My friend Simon was able to crawl my existing site and produce a content report which lists all internal pages, nicely saved in a spreadsheet. This has given me some great insight into how poorly my old site was written (sorry!).
What happened?
My last site build was a hasty effort. I had wanted to redesign for a long time but I wasn't happy with what I was designing. Several designs later, I realised I was wasting time and that I'd never be happy so instead of working on one design to get it right and then launch, I pulled all design out of the live site and started building it back slowly and in public rather than building the site on my local server first. I did this to try and force my hand a bit.
What actually happened though is that I pulled the design and then rushed through bits and pieces to make it work and look presentable with the view of going back at a later date and fixing it... That was several years ago and here we are now. The code was sloppy, the responsive-ness wasn't great and the site never felt coherent.
So what's the problems?
Of which, there were many. I hadn't realised how badly my previous site behaved until I looked over it properly. How bad is that?
duplicate content
Simons' report had over 11oo entries of content on my site. I knew this to be incorrect because Perch tells me I've got 250 blog posts in the database.
The report did pick up some sub-directories but none of the actual content so that removed some of the links. It had also picked up all of my blog tags and the corresponding archive pages to each one so that also removed some of the links but I still had over a 1000.
Looking through the links, it became apparent that all of the content from my previous previous site was being crawled too.
An example would be a post I wrote back in 2011 about a small web conference I attended in Brighton called Insites. This was being crawled 3 separate times
- http://mrqwest.co.uk/blog/168/2011-07-19-insites-brighton
- https://mrqwest.co.uk/blog/168/2011-07-19-insites-brighton
- http://mrqwest.co.uk/blog/168/insites-brighton
All content pulled in from my old old site had the slug
prepended with the post date
, in this instance, 2011-07-19
and was linked both via http
& https
and then the post was crawled again without the post date
.
There were no canonical tags set up to try and unite everything and it's just a mess.
Weirdly, the post is only in the database once, so it's not duplicated in the database, it's just there's multiple URLs to access the same content with no rule to define the real url.
Moving forward, 11ty allows you to provide a slug for each post which should remove this issue.
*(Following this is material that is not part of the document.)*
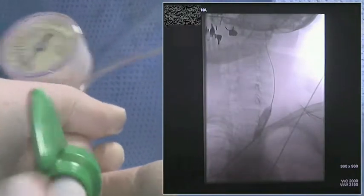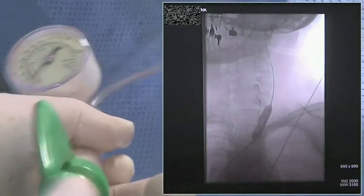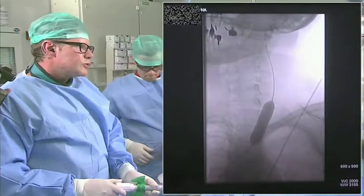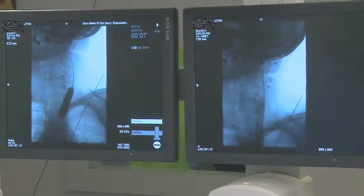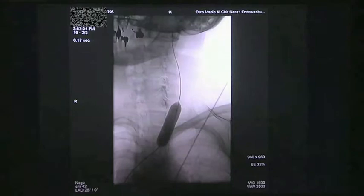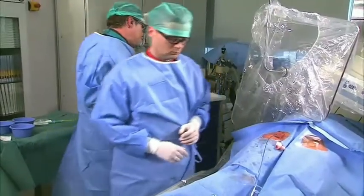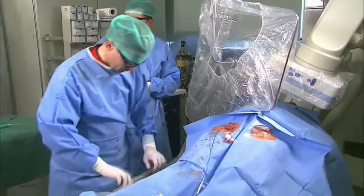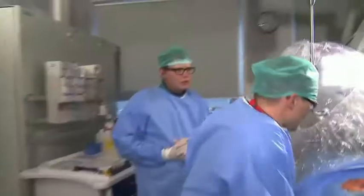We are making inflation with a 14mm balloon now. We have eight atmospheres now. We had the impression of a 12mm balloon before. The patient is feeling a little bit of compression on the left side, but it's painless.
And all pages will be https moving forward, like it should.
Malformed links
Simons report also advised that a lot of my pages had malformed links. Upon review, my title links were broken and resulted in 404s.
Where was my testing?
Headings
Simon also advised that all my page titles were in fact, h3
tags where they should be h1
. Not sure what my reasoning was before but I had the 'MrQwest' logo as a h1
on every page, no h2
s and the title for each page was a h3
. Ooof.
conclusion
So following the site audit, I need to do the following
- remove some of the irrelevant posts and redirect each one to a
moved
page - Create a
moved
page - Set canonical links for each post
- redirect http to https
- Perhaps understand content hierarchy a bit better
- Give past me a swift kick.
- Redirect all old content posts to the archive ready to start afresh!